Short text fragments from websites
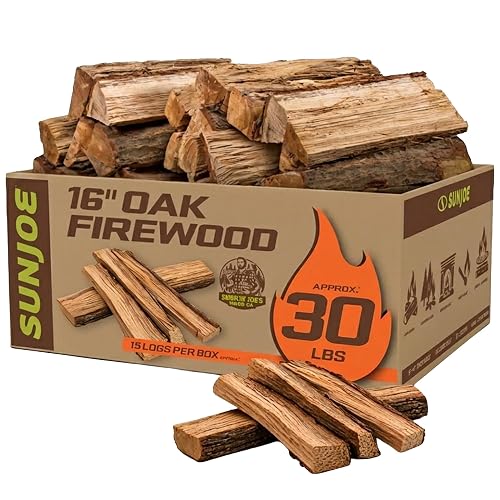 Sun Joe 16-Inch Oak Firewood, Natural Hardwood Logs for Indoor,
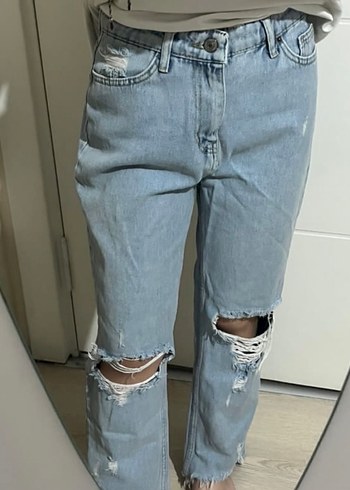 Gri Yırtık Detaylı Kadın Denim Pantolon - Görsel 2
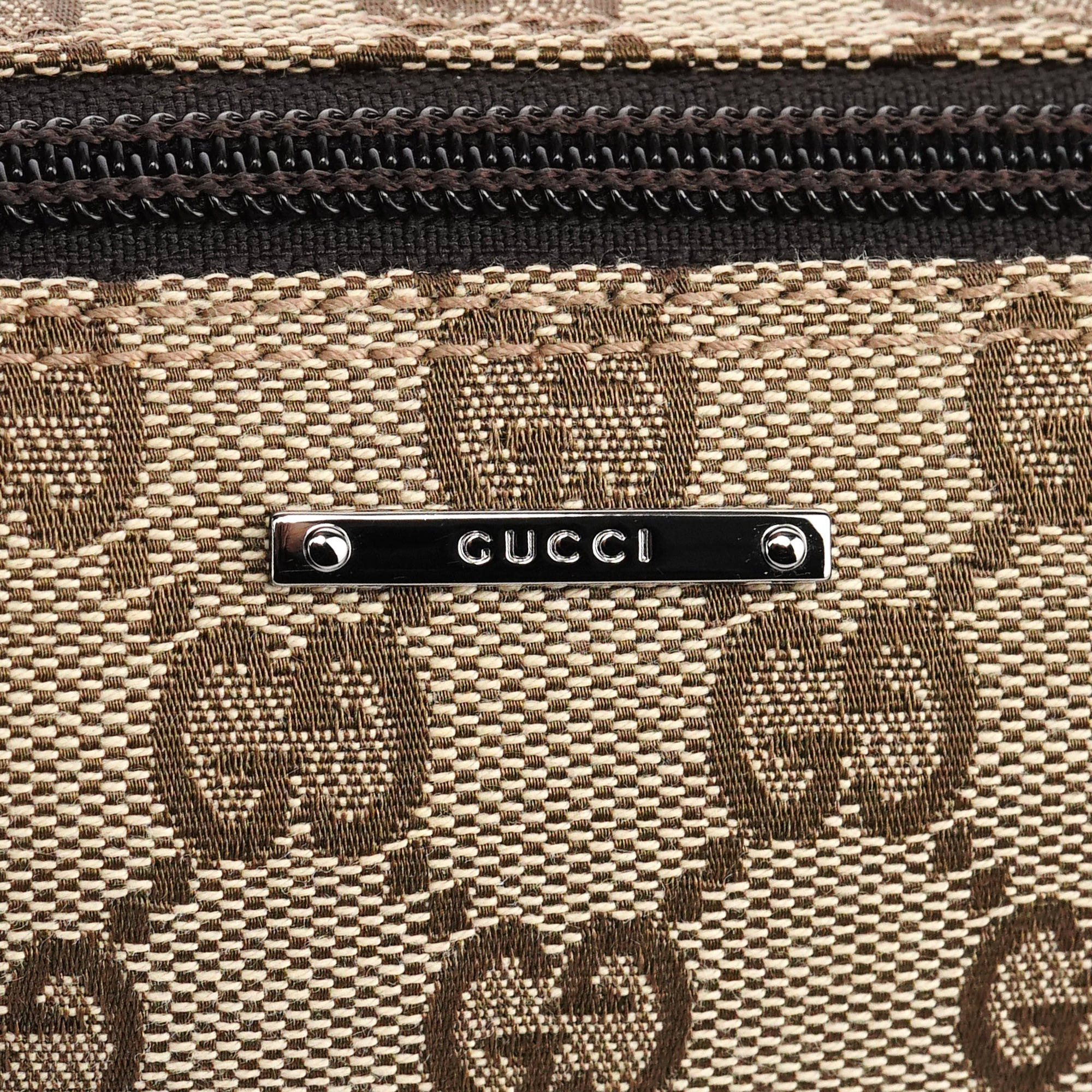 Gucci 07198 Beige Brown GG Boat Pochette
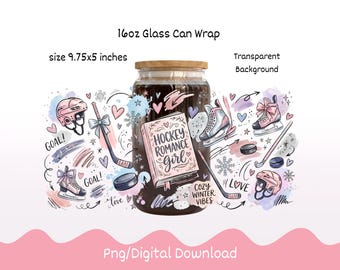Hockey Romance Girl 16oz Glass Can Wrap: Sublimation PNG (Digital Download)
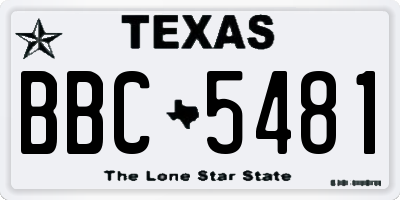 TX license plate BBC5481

EXERCISE AIM: Retype the entries exactly, skipping every picture.

WRITTEN RESPONSE:
 Sun Joe 16-Inch Oak Firewood, Natural Hardwood Logs for Indoor,
 Gri Yırtık Detaylı Kadın Denim Pantolon - Görsel 2
 Gucci 07198 Beige Brown GG Boat Pochette
Hockey Romance Girl 16oz Glass Can Wrap: Sublimation PNG (Digital Download)
 TX license plate BBC5481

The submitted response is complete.